Menaçant la Tunisie et dérangeant l’Algérie. A travers les sables du Sahara et les quatorze kilomètres du détroit de Gibraltar, sur le point de pouvoir contaminer, peut- être à court terme, le Maroc, il a même bel et bien pris pied en Afrique. Paradoxalement, s’étant infiltré dans cette tourmente, après l’avoir plus ou moins provoquée, selon une tactique diplomatiquement agile et apparemment prudente, les désirs et la soif du profit financier illimité de l’Empire explosent désormais au grand jour. Il ne fait plus de doute en effet que le capitalisme, sauvage et manipulateur, des Etats Unis d’Amérique et de ses complices Anglais surtout, mais aussi Allemands, Français et Arabes de la péninsule arabique, a sa part dans les flambées méditerranéennes et sahéliennes de révoltes clandestines et sanguinaires, sous couvert de la « charia ». Et comme toujours celles-ci se sont répandues, « par le plus grand des hasards », dans des régions et même en eau profonde, dans le sous sol desquelles dorment encore d’énormes richesses, proies préférées du sempiternel nuage de vautours.
Les trésors actuellement convoités ? Au cœur du bassin Oriental de la Méditerranée et, pas loin des côtes libyennes, aux portes du désert.
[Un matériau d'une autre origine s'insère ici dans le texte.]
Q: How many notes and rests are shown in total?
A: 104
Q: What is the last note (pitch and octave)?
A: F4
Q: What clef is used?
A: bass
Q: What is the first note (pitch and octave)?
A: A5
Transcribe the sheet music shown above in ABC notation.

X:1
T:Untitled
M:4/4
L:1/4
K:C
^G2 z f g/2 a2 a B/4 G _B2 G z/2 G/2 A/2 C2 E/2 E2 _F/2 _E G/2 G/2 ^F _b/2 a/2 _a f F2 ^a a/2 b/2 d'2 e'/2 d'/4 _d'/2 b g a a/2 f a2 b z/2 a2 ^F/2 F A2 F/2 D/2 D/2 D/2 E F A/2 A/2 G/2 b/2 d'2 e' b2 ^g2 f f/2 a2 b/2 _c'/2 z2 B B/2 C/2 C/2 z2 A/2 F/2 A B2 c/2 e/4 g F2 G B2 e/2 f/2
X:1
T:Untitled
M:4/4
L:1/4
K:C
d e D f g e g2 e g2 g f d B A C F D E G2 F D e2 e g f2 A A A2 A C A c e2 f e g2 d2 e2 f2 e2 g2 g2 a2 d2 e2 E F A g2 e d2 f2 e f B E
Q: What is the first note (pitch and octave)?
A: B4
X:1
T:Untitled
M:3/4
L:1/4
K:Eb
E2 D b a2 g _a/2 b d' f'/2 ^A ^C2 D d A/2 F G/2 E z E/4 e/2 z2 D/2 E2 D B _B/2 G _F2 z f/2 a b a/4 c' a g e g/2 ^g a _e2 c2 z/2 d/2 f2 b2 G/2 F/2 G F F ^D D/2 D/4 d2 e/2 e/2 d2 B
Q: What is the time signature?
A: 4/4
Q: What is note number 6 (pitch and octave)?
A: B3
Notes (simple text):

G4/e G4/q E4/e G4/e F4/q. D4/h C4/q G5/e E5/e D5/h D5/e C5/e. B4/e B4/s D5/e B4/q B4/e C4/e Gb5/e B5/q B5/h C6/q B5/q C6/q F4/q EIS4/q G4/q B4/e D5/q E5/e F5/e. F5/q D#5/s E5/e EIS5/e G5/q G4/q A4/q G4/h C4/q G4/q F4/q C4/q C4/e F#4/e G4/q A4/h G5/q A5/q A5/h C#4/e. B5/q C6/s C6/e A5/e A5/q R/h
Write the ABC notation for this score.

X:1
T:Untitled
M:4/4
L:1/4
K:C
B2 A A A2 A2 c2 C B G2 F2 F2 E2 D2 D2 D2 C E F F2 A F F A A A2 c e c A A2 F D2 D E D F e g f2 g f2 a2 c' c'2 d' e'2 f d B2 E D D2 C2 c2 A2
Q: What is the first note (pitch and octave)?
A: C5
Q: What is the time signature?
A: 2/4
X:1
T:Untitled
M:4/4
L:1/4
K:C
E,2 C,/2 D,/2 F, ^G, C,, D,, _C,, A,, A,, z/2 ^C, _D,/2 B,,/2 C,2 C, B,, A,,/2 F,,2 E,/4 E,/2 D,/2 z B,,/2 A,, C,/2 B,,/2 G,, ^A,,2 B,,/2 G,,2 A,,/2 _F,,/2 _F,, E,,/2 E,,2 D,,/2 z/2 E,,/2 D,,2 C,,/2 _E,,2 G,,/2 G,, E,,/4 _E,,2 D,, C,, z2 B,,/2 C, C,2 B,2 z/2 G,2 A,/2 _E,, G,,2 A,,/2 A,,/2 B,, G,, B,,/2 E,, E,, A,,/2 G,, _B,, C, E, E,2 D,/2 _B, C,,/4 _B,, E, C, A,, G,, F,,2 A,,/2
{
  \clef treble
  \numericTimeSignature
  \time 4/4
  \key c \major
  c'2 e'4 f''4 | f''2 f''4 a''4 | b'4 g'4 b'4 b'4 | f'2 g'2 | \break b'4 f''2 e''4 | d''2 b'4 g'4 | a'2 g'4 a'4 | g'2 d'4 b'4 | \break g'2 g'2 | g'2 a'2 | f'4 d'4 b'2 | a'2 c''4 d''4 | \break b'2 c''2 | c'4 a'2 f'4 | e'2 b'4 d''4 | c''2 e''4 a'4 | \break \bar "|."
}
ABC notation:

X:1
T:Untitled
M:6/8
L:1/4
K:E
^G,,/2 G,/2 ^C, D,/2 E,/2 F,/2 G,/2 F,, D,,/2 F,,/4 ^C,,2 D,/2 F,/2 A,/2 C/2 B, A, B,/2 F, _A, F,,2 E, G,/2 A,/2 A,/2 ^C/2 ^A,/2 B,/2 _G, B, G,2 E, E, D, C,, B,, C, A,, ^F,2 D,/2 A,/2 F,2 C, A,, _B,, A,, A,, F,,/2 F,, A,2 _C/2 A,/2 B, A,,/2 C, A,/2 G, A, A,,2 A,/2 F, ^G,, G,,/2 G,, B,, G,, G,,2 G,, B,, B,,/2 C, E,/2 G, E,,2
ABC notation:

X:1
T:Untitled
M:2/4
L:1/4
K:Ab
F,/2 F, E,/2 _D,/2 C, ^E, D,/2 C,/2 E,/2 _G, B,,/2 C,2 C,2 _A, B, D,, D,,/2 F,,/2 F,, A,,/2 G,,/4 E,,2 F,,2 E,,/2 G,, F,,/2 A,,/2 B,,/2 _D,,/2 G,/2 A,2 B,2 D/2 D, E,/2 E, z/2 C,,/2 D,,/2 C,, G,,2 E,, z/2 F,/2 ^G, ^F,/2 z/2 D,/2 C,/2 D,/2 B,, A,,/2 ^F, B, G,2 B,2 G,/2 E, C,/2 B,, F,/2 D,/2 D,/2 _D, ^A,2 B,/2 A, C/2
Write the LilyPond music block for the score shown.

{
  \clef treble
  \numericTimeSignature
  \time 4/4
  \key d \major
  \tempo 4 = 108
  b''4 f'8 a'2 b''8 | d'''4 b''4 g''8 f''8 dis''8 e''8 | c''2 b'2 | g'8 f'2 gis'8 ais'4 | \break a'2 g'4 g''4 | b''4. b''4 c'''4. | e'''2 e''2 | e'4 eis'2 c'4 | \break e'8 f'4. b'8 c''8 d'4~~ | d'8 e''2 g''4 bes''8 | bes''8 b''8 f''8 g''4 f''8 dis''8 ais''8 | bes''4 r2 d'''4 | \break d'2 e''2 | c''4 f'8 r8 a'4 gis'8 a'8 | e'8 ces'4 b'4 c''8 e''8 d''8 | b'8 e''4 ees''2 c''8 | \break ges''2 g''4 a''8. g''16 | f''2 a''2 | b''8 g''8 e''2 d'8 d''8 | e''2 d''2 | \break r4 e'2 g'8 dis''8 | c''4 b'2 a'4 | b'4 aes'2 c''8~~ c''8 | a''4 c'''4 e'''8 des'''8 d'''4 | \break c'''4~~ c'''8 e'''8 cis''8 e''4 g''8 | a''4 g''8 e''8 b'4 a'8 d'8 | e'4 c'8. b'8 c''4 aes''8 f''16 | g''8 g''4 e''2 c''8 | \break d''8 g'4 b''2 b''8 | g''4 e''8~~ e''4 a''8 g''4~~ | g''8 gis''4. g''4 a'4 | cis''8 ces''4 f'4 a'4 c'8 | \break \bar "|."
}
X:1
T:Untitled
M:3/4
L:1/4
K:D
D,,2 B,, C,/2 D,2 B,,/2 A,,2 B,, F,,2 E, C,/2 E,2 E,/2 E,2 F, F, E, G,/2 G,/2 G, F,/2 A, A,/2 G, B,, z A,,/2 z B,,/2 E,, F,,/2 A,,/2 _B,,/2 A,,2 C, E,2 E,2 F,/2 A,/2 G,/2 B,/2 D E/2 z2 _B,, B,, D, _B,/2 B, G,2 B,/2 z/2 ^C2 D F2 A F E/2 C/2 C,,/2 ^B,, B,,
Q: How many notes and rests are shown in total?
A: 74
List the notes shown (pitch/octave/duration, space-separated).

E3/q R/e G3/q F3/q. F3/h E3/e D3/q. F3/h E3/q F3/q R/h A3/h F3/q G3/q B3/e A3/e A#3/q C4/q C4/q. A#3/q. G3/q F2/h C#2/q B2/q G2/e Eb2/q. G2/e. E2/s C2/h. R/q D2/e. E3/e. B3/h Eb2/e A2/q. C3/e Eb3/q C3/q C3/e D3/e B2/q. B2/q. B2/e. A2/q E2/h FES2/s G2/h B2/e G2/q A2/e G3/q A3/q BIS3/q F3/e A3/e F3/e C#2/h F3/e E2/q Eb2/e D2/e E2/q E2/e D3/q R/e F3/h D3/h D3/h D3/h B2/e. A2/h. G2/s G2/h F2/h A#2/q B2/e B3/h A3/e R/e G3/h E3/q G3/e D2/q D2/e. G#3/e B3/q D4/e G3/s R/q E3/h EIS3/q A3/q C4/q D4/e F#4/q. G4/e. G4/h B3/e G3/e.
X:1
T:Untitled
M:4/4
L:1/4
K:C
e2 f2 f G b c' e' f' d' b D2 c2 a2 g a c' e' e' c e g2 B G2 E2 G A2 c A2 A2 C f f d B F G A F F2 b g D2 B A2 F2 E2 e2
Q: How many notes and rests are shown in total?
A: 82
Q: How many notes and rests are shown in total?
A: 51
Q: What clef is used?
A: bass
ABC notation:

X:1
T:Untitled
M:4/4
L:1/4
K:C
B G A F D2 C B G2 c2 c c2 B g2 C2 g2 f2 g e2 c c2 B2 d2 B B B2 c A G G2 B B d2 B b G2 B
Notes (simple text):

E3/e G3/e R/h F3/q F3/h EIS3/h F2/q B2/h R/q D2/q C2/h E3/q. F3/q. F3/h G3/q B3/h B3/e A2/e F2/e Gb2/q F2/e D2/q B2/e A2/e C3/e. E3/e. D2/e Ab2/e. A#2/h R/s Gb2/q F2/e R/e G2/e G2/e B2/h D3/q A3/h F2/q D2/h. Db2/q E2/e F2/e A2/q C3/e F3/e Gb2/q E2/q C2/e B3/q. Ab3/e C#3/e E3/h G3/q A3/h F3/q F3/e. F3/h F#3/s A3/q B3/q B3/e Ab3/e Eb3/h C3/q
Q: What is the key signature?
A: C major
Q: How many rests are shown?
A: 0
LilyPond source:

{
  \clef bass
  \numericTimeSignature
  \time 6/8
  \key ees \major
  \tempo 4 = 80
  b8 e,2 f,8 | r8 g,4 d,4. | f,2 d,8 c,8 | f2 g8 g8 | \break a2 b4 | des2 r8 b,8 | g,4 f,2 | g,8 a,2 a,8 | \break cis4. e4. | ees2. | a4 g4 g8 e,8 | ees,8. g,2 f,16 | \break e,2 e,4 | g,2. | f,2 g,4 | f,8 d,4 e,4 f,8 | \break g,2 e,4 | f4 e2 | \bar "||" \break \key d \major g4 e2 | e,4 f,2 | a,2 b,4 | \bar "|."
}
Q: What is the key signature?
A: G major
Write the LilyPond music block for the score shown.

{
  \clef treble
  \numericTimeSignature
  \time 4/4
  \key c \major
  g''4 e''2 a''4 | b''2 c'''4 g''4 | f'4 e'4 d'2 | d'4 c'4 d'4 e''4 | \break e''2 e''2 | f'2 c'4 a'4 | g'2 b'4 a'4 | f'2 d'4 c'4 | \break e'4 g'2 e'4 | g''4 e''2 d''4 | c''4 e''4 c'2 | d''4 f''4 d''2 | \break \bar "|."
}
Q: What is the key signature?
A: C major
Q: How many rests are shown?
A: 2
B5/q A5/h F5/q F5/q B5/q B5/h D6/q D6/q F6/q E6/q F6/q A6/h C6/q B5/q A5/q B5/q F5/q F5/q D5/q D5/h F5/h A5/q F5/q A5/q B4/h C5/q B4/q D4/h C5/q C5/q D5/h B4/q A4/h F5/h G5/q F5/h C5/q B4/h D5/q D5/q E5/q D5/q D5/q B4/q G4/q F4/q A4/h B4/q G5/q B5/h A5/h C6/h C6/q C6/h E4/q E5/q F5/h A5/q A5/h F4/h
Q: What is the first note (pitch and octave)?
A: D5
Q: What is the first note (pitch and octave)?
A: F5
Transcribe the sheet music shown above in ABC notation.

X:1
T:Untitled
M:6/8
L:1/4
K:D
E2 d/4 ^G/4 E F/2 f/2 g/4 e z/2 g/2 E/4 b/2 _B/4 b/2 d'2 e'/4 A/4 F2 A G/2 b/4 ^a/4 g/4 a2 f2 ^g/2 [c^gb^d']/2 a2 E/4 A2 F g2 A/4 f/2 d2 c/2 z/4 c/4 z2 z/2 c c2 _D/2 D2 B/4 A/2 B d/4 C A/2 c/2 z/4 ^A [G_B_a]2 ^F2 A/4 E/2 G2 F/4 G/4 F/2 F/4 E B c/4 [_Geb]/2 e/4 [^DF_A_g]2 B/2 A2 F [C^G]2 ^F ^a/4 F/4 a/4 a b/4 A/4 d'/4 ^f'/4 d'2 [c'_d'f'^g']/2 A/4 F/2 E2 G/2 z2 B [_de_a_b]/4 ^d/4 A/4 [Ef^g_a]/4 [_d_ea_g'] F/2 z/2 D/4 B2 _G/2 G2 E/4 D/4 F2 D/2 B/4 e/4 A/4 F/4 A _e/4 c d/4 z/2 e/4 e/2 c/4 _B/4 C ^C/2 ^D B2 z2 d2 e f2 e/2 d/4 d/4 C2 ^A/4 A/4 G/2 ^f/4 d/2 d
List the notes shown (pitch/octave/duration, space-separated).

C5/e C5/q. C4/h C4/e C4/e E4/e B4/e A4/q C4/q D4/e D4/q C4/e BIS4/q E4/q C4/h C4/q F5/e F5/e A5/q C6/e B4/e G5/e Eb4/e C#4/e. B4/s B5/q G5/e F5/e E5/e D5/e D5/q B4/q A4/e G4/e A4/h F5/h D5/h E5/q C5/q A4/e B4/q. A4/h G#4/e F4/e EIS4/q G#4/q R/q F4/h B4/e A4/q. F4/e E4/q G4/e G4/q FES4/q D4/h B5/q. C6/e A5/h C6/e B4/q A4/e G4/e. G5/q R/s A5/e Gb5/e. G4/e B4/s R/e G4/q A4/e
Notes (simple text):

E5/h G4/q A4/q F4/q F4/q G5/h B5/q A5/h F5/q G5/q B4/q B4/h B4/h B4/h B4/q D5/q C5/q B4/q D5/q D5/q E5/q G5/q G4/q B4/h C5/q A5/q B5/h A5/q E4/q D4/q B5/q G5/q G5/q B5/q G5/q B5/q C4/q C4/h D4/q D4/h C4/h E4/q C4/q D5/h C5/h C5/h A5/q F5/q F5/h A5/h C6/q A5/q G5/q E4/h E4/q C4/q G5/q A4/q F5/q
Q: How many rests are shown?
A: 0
En mer, par 5000 mètres de profondeur (du gaz pour des décennies dit-on) et au Fezzan au sud de Tripoli capitale d’une Libye aujourd’hui chaotique. Sur un territoire partageant ses frontières avec la Tunisie sous laquelle il s’est infiltré, l’Algérie, le Tchad et le Niger. Là, en plein désert par quelques dizaines de mètres sous le sable, sommeille depuis des lustres une énorme nappe de pétrole et de gaz d’excellente qualité, facile et peu onéreux à exploiter. La zone maritime, étant difficile d’accès selon les techniques actuelles, est pour l’instant délaissée par les pays riverains capables d’en tirer profit (de la Syrie, à la Libye) à l’exclusion d’Israël qui ne le peut, se trouvant au delà de ses eaux territoriales. A l’inverse du gaz et du pétrole du Fezzan « flairés » depuis les premiers mois de la deuxième guerre mondiale par la France qui, grâce aux troupes de Leclerc, y avait alors installé un Protectorat après avoir vaincu les soldats de Mussolini. Sous la pression puis la condamnation des Etats Unis et du Royaume Uni (tiens, tiens), Mendès France avait été, en 1956, contraint d’accorder l’Indépendance à ce territoire qui, plusieurs années plus tard, avec la Tripolitaine à l’ouest et la Cyrénaïque à l’est, devait former la Libye.
Les printemps arabes de 2011 enclenchés - en janvier pourtant - par la Tunisie, donnent très vite l’occasion à l’Empire de mettre la main sur cette manne qui lui était refusée jusque là par Khadafi le maître du pays. Selon toute vraisemblance il lui faudra plusieurs mois pour faire « incognito » son marché. Imitant leurs voisins tunisiens, les libyens de Benghazi (la ville contrôle le pétrole de Cyrénaïque) se révoltent à leur tour. Avec l’aval du Grand Sam et de l’ONU, la France de Sarkozy, BHL et Guéant, associée au Royaume Uni de Cameron, reconnaissent officiellement et illico les dirigeants des révolutionnaires. Ils comptent faire coup double. Pétrole et silence du « dictateur » gêneur à plus d’un titre surtout pour l’ex Président tricolore. Prétextant qu’il fallait préserver la population de la vengeance de Mouammar Kadhafi de nombreuses frappes aériennes et des livraisons massives d’armes aux insurgés s’ensuivent au mois de mars.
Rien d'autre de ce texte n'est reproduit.